Pre-classical Kalinga

Annexation by Nanda Empire (c. 345 – 322 BCE) 

Kalinga was believed to be briefly annexed by Nanda ruler Mahapadma Nanda between 345 to 340 BCE.

The Nanda empire appears to have stretched from present-day Punjab in the west to Odisha (Kalinga) in the east. Nandas control of Kalinga region is corroborated by the Hathigumpha inscription of the later king Kharavela (c. 2nd or 1st century BCE).

When Chandragupta Maurya rebelled against the Nandas, Kalingas broke away from the empire of Magadha in 322 BCE.

Hathigumpha Inscription of Kalinga 

The Hathigumpha inscription suggests that a king named Nandaraja had excavated an aqueduct there in the past. Assuming that Nandaraja refers to a king of the Nanda dynasty, it appears that the Kalinga region was annexed by the Nandas at some point. It appears to have become independent again after the fall of the Nandas. It is described as "Calingae" in Megasthenes' Indica (3rd century BCE):

Kalinga War and annexation by Maurya Empire (c. 261 – 225 BCE) 

Ashoka invaded Kalinga in 261 BCE and re-annexed into Magadha Empire.
After the final battle near the Dhauli hills, the capital Tosali fell to the Mauryas where the headquarters of the Mauryan province of Kalinga was also located.
Kalinga broke away from the Mauryan empire during the rule of Dasharatha in 224 BCE.

Mahameghavahana Empire (c. 224 BCE – 250 CE) 

After the decline of the Mauryan Empire, the region came under the control of the Mahameghavahana family, whose king Kharavela described himself as the "supreme Lord of Kalinga". Kharavela was the greatest ruler of empire who ruled during the second or first century BCE and the primary source for his reign is sourced from the rock-cut Hathigumpha inscription. The inscription describes yearly records of his reign and also credits him with public infrastructure projects, welfare activities, patronage of the arts, and many military victories and also patronising religions such as Jainism while the inscription also describes him as a devotee of all religions.

Post-classical Kalinga

Gupta Empire 

Kalinga came under Gupta suzerainty in the 4th century CE. After the Gupta withdrawal, it was ruled by several minor dynasties, whose rulers bore the title Kalingadhipati ("Lord of Kalinga"). These included the Matharas, Pitrbhaktas, Vasishthas and Nalas. They were followed by the Shailodbhavas and the early Eastern Gangas.

Shailodbhava dynasty 

In the 7th century, the Shailodbhavas ruled parts of eastern India and their core territory was known as Kongoda-mandala, and included parts of the present-day Ganjam, Khordha and Puri districts. King Madhavaraja II claimed the title Sakala-Kalingadhipati ("the lord of the entire Kalinga"). During the 8th-10th centuries, the Bhauma-Kara dynasty ruled the region, although they called their kingdom "Tosala" (derived from Tosali, the ancient capital of Kalinga).

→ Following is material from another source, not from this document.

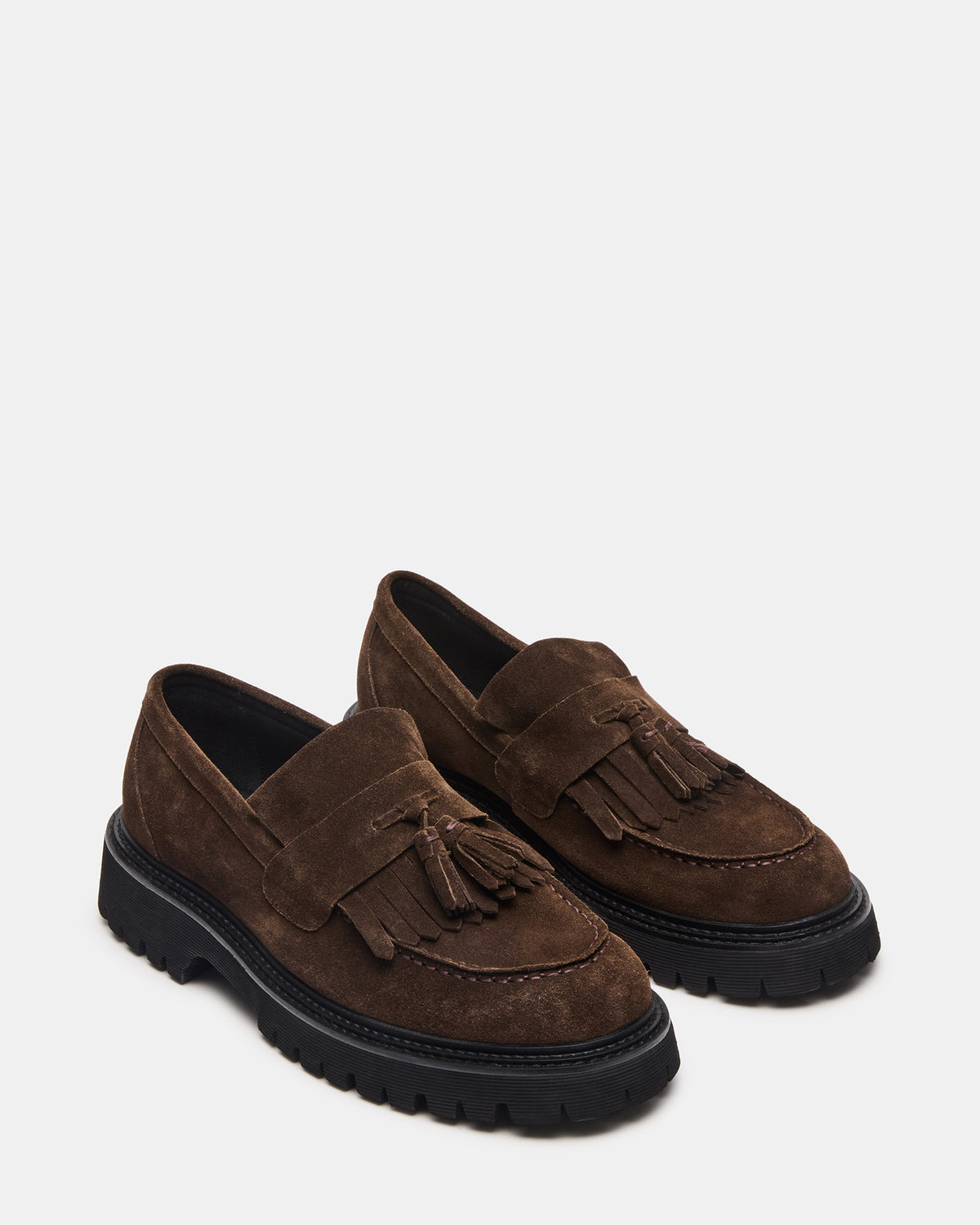 ZEV Brown Suede Lug Sole Dress Men's Loafer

Somavamshi or Keshari dynasty

The Somavamshis ruled parts of present-day Odisha in eastern India between the 9th and the 12th centuries with their capitals included Yayatinagara and Abhinava-Yayatinagara (modern Jajpur). They ruled the Dakshina Kosala region claiming the title Kosalendra ("lord of Kosala"), following which they conquered the Kalinga and the Utkala regions in present-day Odisha, succeeding the Bhauma-Karas. Thus they ​called themselves the lord of Kalinga, Kosala, and Utkala. They also introduced a new style of art and architecture in Odisha.

Medieval Kalinga

Eastern Ganga Empire

During the 11th-15th century, the Eastern Gangas became the dominant power in the region, and bore the title Kalingadhipati. After succeeding the Somavanshis, they assumed various titles viz. Trikalingadhipathi or Sakala Kalingadhipathi (Lord of three Kalinga or all three Kalingas namely Kalinga proper (South), Utkala (North), and Dakshina Kosala (West)). Their capital was originally located at Kalinganagara (modern Mukhalingam), and was later transferred to Kataka (modern Cuttack) during the reign of Anantavarman Chodaganga in the 12th century. He also built the famous Jagannath Temple at Puri.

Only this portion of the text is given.